A Phoenix jury convicted an Iraqi immigrant of second-degree murder Tuesday for running over and killing his daughter in a case termed an "honor killing" by prosecutors who said the father carried out the attack because he believed his daughter had become too Westernized.
Faleh Hassan Almaleki, 50, also was convicted of aggravated assault for injuries suffered by the mother of his daughter's boyfriend during the October 2009 incident in a suburban Phoenix parking lot, and two counts of leaving the scene of an accident.
Maricopa County prosecutors told jurors during the trial that he mowed down Noor Almaleki, 20, with his Jeep Cherokee because he believed she brought dishonor to the family. He had wanted her to be a traditional Iraq woman, while she refused an arranged marriage, went to college and had a boyfriend.
The case brought nationwide outrage after prosecutors deemed it an "honor killing."
Defense lawyers called Noor's death and the severe injuries to Amal Khalaf an accident. They say he only wanted to spit on the older woman, who Almaleki thought helped his daughter stay away from her family. Khalaf had taken Noor in several times after she left home between 2007 and 2009, and that was a cause of increasing friction between the families.

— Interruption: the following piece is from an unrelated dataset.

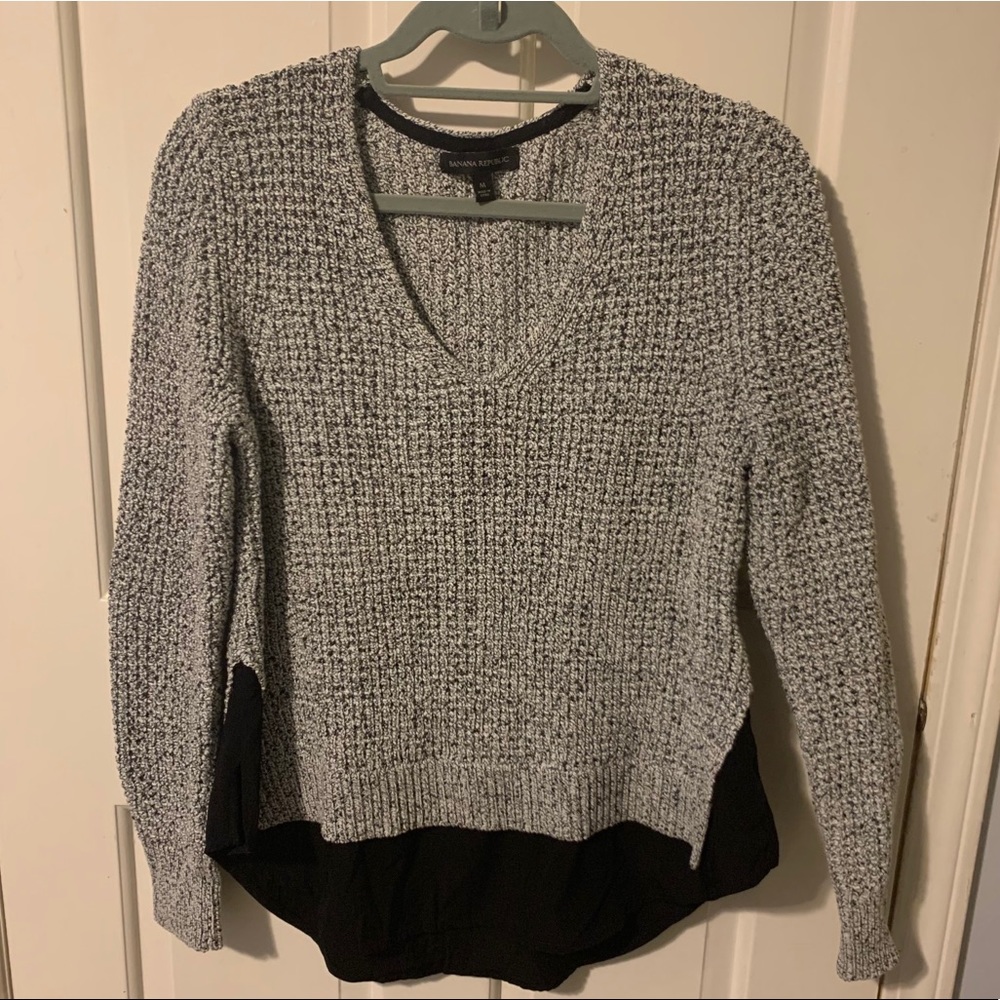 Banana Republic Knit Sweater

A detective testified that Almaleki acknowledged under questioning by police that he intentionally ran her over. But the transcript of the taped interview showed he repeatedly called the incident an accident. Khalaf also testified during the four-week trial, saying he ignored her screams to stop before he struck her and then ran down Noor.
The defense called no witnesses. They argued for a lesser charge, saying Almaleki made a split-second decision that he should be held accountable for but that he did not intend to kill anyone.
His lawyer said during opening statements that the truck driver from southern Iraq was angry at the older woman, and he was trying to drive by and spit on her when she jumped in front of his Jeep.
He swerved, but could not avoid accidentally hitting her and running over his daughter, his lawyer said.
Almaleki, who wore headphones as he listened to an interpreter, showed little emotion when the jury read the verdict.
The court was scheduled to convene Wednesday to hear testimony from Khalaf on the aggravated assault conviction. She remained composed Tuesday as the verdict was read and declined reporters' request for comment, as did prosecutors.
Defense attorneys said in a written statement that they were "pleased the jury took the time necessary to consider all of the evidence in this important case," but declined further comment.
The incident happened on Oct. 20, 2009, outside a state Department of Economic Security office in the west Phoenix suburb of Peoria. Noor had gone with Khalaf to interpret and the women were waiting to be helped when Faleh Almaleki came into the office.
He left after a short time, and Khalaf said she was worried he might do something violent toward Noor, so she drove around the parking lot to make sure he had left. She testified that she was so nervous, she locked her keys in her van and had to call her son to bring another set.
They left the office to go to a nearby restaurant when the Jeep bore down on the women.
Almaleki fled to Mexico and then London, where he was detained and then returned to the U.S.